Bunun bütün tür için ne anlama geldiğini açıklayarak kapatmak istiyorum. Dominant dişi yolu bir astına verdiğinde bunu nezaketten yapmıyor. Aslında grubun birliği için dominant dişi oldukça önem arz ediyor. Eğer dişi yolda ölürse, bütün grup risk altında kalır. Yani bu riskten kaçınma davranışı oldukça eski evrimsel bir tepki. Bu mirketler binlerce jenerasyon öncesine dayanan bu taktiği, bu örnekte insan yapımı bir yol olan modern risklere uyarlayarak uyguluyorlar. Bu oldukça basit kuralları özümsüyorlar ve bu durum, doğal yaşam alanlarındaki insan işgalinden korunmalarını sağlayan karmaşık davranışların yolunu açıyor.
In the end, it may be bats which change their social structure in response to a population crash, or it may be meerkats who show a novel adaptation to a human road, or it may be another species. My message here -- and it's not a complicated one, but a simple one of wonder and hope -- my message here is that animals show extraordinary social complexity, and this allows them to adapt and respond to changes in their environment. In three words, in the animal kingdom, simplicity leads to complexity which leads to resilience.
Sonuç olarak, bu, bir populasyon düşüşüne tepki olarak yarasaların sosyal yapılarını değiştirmesi veya mirketlerin insan yapımı yola adapte olmaları veya başka bir tür olabilir. Demek istediğim şey, --ki karışık değil, merak ve umuttan doğan basit bir mesaj-- buradaki mesajım, hayvanlar olağanüstü sosyal karmaşıklığa sahipler ve bu onların çevredeki değişimlere adapte olmalarını ve tepki vermelerini sağlıyor. Üç kelimeye özetlersek, hayvanlar aleminde basitlik karmaşıklığa, karmaşıklık da uyuma yol açıyor.
Thank you.
Teşekkürler.
(Applause) Dania Gerhardt: Thank you very much, Nicolas, for this great start. Little bit nervous? Nicolas Perony: I'm okay, thanks. DG: Okay, great. I'm sure a lot of people in the audience somehow tried to make associations between the animals you were talking about -- the bats, meerkats -- and humans. You brought some examples: The females are the social ones, the females are the dominant ones, I'm not sure who thinks how. But is it okay to do these associations? Are there stereotypes you can confirm in this regard that can be valid across all species? NP: Well, I would say there are also counter-examples to these stereotypes. For examples, in sea horses or in koalas, in fact, it is the males who take care of the young always. And the lesson is that it's often difficult, and sometimes even a bit dangerous, to draw parallels between humans and animals. So that's it. DG: Okay. Thank you very much for this great start. Thank you, Nicolas Perony.

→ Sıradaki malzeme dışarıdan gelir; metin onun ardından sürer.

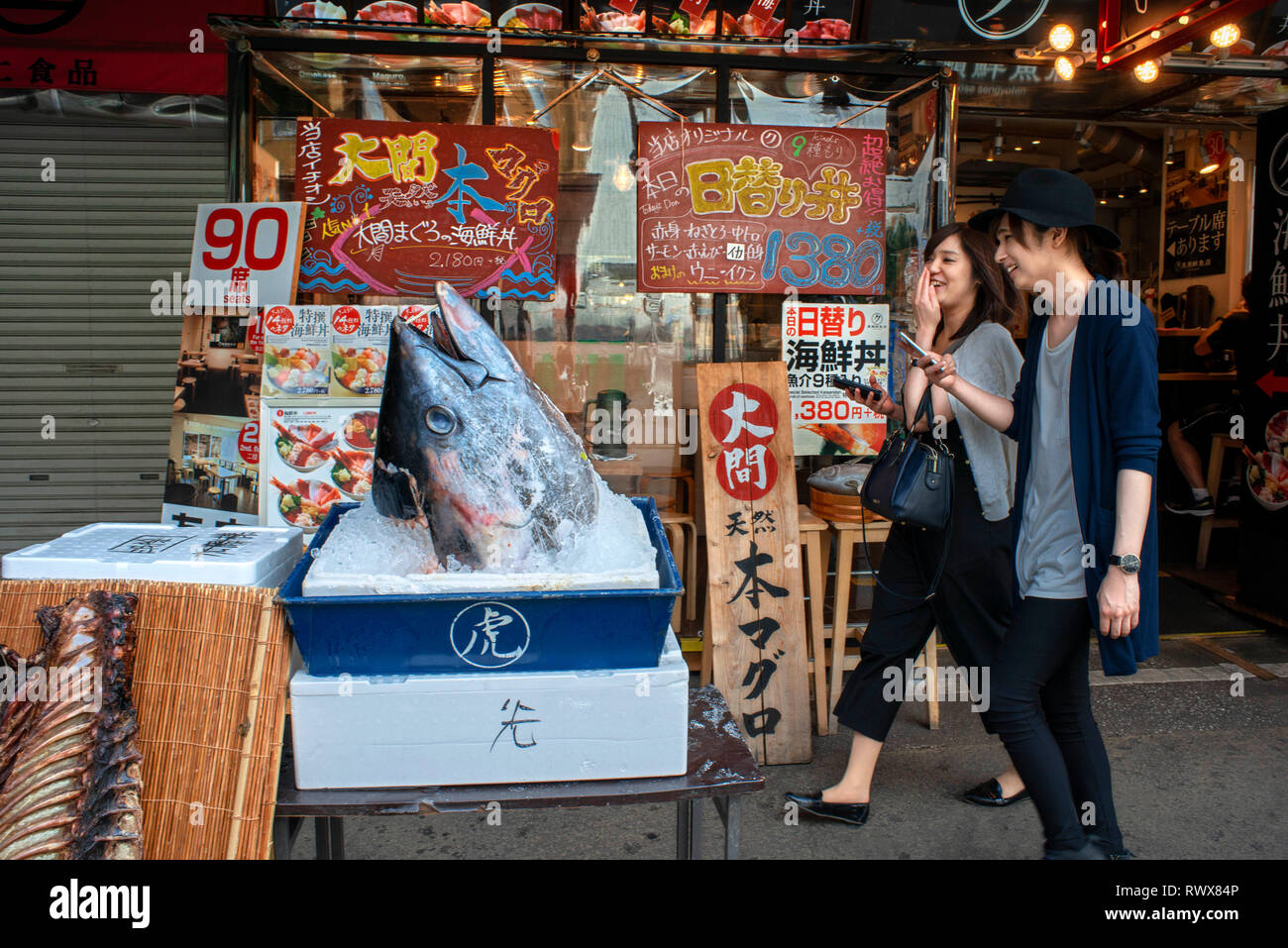 Kleine schwarze Sushi Restaurant in der Nähe des riesigen Tsukiji Fischmarkt in Tokio, Japan, eine riesige Thunfische und Bilder von Mahlzeiten, und ihr Menü Stockfoto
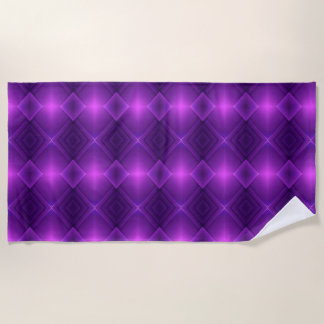 A vibrant, geometric purple pattern decorates beach towel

(Alkış) Dania Gerhardt: Bu harika başlangıç için çok teşekkürler Nicolas. Biraz gergin misin? Nicolas Perony: İyiyim, teşekkürler. DG: Tamam, harika. Eminim seyircilerimizin birçoğu bahsettiğin hayvanları ilişkilendirmeye çabalamıştır -- yarasalar, mirketler -- ve insanlar. Bazı örnekler verdin: Dişiler sosyal olanlar, dişiler dominant olanlar, kimin nasıl düşündüğünü bilmiyorum. Ama bu ilişkilendirmeleri yapmak doğru mu? Bu açıdan onaylayabileceğin, tüm türler arasında geçerli kalıplaşmış yargılar var mı? NP: Bu kalıpların tersi örnekler olduğunu da söyleyebilirim. Örneğin, denizatlarında veya koalalarda yavruların bakımını erkekler üstlenir. Buradan çıkarabileceğimiz şey insanlarla hayvanlar arasında paralellikler bulmak çoğunlukla zor ve hatta biraz tehlikeli Bu. DG: Tamam. Bu harika başlangıç için çok teşekkür ederim. Teşekkürler Nicolas Perony.